Perhaps this explains why the government’s arguments before the courts have been so flimsy. The Justice Department acknowledges — though Lloyd, in a personal court filing, does not — that Roe v. Wade grants undocumented girls in ORR’s care the right to an abortion. It just argues that ORR has no obligation to “facilitate” that abortion. Yet in each case so far, private organizations stand ready to arrange and pay for the procedure — meaning that the “facilitation” described by the Justice Department more or less involves unlocking the shelter door. Under the Supreme Court’s 1992 opinion in Planned Parenthood v. Casey, the government cannot place an “undue burden” on a woman’s access to reproductive health care.

Casey, incidentally, upheld a Pennsylvania state law requiring minors to obtain the consent of at least one parent before receiving an abortion. The state in which Poe is being held has no such law, but as the American Civil Liberties Union notes in its court filings on her behalf, Lloyd’s policy essentially places ORR in the position of a parent empowered to give that approval. The comparison is not entirely a metaphor: Lloyd reportedly views himself as a “foster father” to those in ORR’s custody.

Lloyd’s memo displays this same confusion between ORR’s responsibilities as a government agency and Lloyd’s imagined role as a private guardian. For the most part, he writes as if he is bound not by laws constraining government action but only by his conscience. In this light, his refusal to honor a constitutional right echoes legal battles by Hobby Lobby and the Little Sisters of the Poor — both private organizations with a religious opposition to abortion — to seek legal exemptions from requirements to provide contraceptive health-care coverage to their employees.

Like Hobby Lobby, Lloyd seeks to avoid what he sees as complicity in abortion. Unlike Hobby Lobby, his role as the director of a government agency means he has an obligation to the contrary.

Supreme Court Justice Antonin Scalia, an observant Catholic, once remarked that if he came to believe that Catholic doctrine held the death penalty to be immoral, he would resign from the bench: He felt he could not have squared his belief in the constitutionality of capital punishment with the requirements of his religion. Likewise, a person who feels he can’t compromise on his belief of the evils of abortion might not be suited to run an agency charged with the care of undocumented girls who might seek to end pregnancies.

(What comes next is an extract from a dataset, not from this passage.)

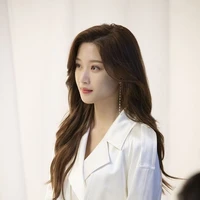 Moon Ga Young(yoongi gf)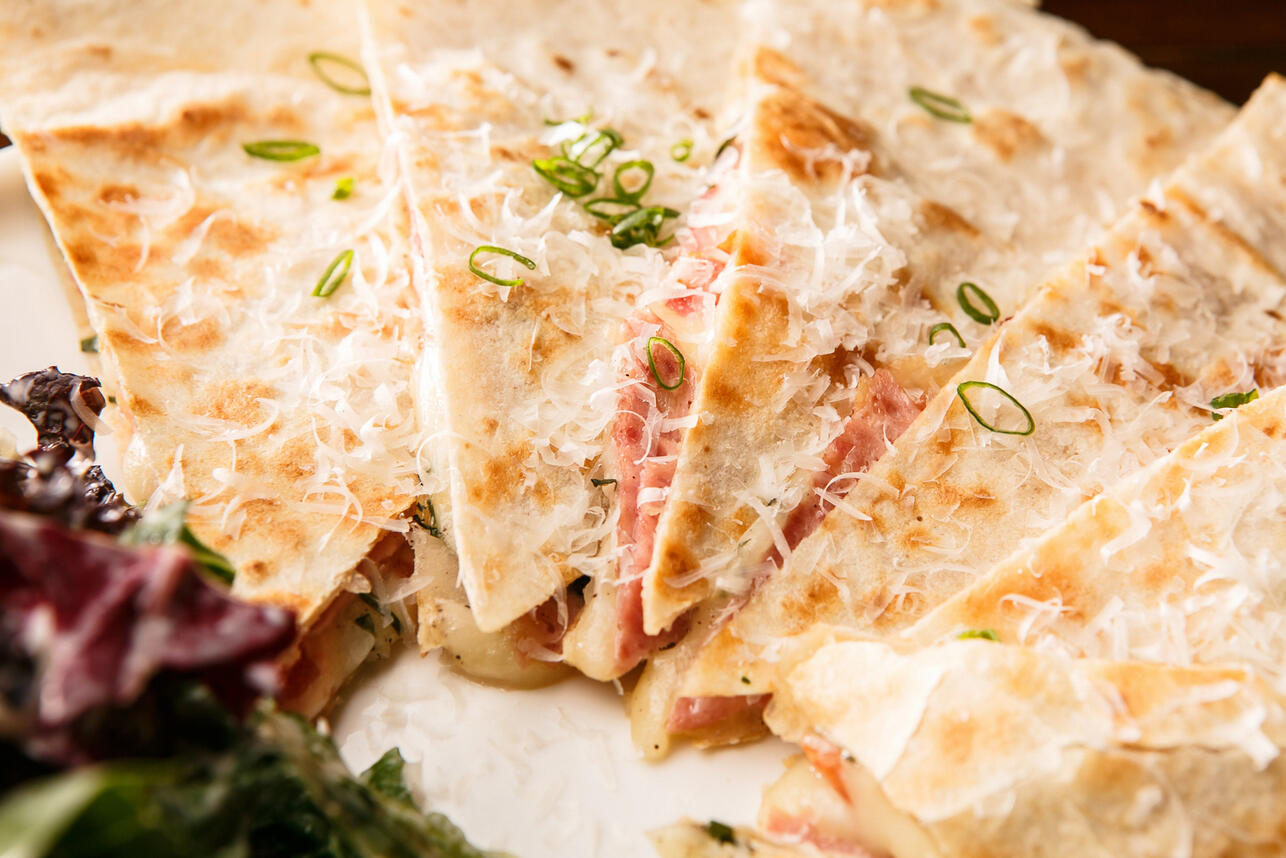 закуски для подруг, легкие закуски, что приготовить для посиделок, рецепты с песто, сырная кесадилья рецепт, тарталетки с песто, закуски с беконом, курага с беконом, быстрые закуски для компании, рецепты на девичник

There’s a reason our laws treat government actors differently than conscientious citizens.

And in the end, that’s why Lloyd’s assertion in these cases is so troubling: The coupling of a government official’s power alongside a private individual’s relative lack of legal restraint makes for a disturbing combination — especially when that power is wielded over some of the most vulnerable among us, teenagers far from home.